A 19-year-old client is admitted for the second time in 9 months and is acutely psychotic with a diagnosis of undifferentiated schizophrenia. The client sits alone rubbing her arms and smiling. She tells the nurse her thoughts cause earthquakes and that the world is burning. The nurse assesses the primary deficit associated with the client's condition as:
- A. Altered mood states
- B. Disturbed thinking
- C. Social isolation
- D. Poor impulse control
Correct Answer: B
Rationale: The correct answer is B: Disturbed thinking. In this scenario, the client's belief that her thoughts cause earthquakes and the world is burning are examples of delusions, which are a key symptom of schizophrenia. This demonstrates a disturbance in the client's thought process, indicating a primary deficit in thinking. Altered mood states (A) may be present as well but are not the primary deficit in this case. Social isolation (C) is a consequence of the client's symptoms rather than the primary deficit. Poor impulse control (D) is not the primary issue presented in the scenario.
A nurse leads a staff development session about ageism among health care workers. What information should the nurse include about the consequences of ageism?
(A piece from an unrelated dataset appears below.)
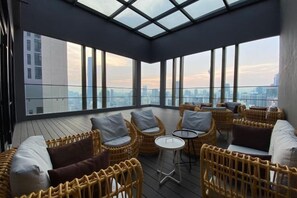 Een terras op het dak met rieten meubels, een klein rond tafeltje en uitzicht over de stad.
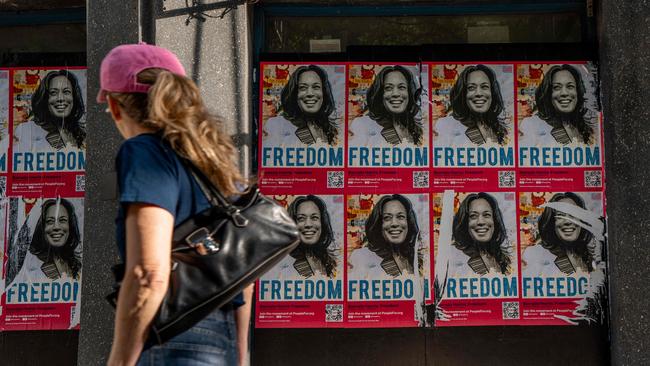 Posters of Democratic presidential candidate, US Vice President Kamala Harris during the first day of the Democratic National Convention (DNC) in downtown Chicago on August 19.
Select one tha does not apply.
- A. Failure of the elderly to receive necessary medical information
- B. Development of public policy that discriminates against the elderly
- C. Staff shortages because caregivers prefer working with younger adults
- D. The perception that elderly consume a smaller share of medical resources
Correct Answer: D
Rationale: Because of society's negative stereotyping, elderly patients often receive less information (A) and fewer treatment options, public policy discriminates against them (B), and staff shortages occur as some prefer younger patients (C). The elderly are seen to consume more resources (not D), and discrimination spans all staff (not E).
The wife of a client who is being seen in the sleep clinic states that her husband snores terribly at night and that she has to shake him to get him to stop. The client complains of a headache upon wakening and often falls asleep during the day when he sits for long periods. This client is exhibiting signs and symptoms characteristic of:
- A. narcolepsy.
- B. parasomnia.
- C. sleep apnea.
- D. primary hypersomnia.
Correct Answer: C
Rationale: The correct answer is C: sleep apnea. The client's symptoms of loud snoring, need to be shaken to stop snoring, morning headache, daytime sleepiness, and falling asleep during the day are all classic signs of sleep apnea. Sleep apnea is a disorder characterized by pauses in breathing or shallow breathing during sleep, leading to poor sleep quality and daytime symptoms. Narcolepsy (choice A) involves excessive daytime sleepiness and sudden muscle weakness, which are not mentioned here. Parasomnia (choice B) refers to abnormal behaviors during sleep, such as sleepwalking or night terrors, which are not described in the scenario. Primary hypersomnia (choice D) is characterized by excessive daytime sleepiness without a clear cause, which is not consistent with the client's symptoms.
A 45-year-old man develops weakness and wasting of the right hand. Which one of the following is least likely to be the cause?
- A. Old injury to the elbow joint.
- B. Bronchogenic carcinoma of the right upper lobe.
- C. Multiple sclerosis.
- D. Syringomyelia.
Correct Answer: C
Rationale: Multiple sclerosis (C) typically causes sensory and motor symptoms but rarely isolated hand wasting, which is more characteristic of peripheral nerve or motor neuron issues. Old injury (A), lung cancer (B, via brachial plexus), syringomyelia (D), and motor neurone disease (E) are more directly linked to such symptoms.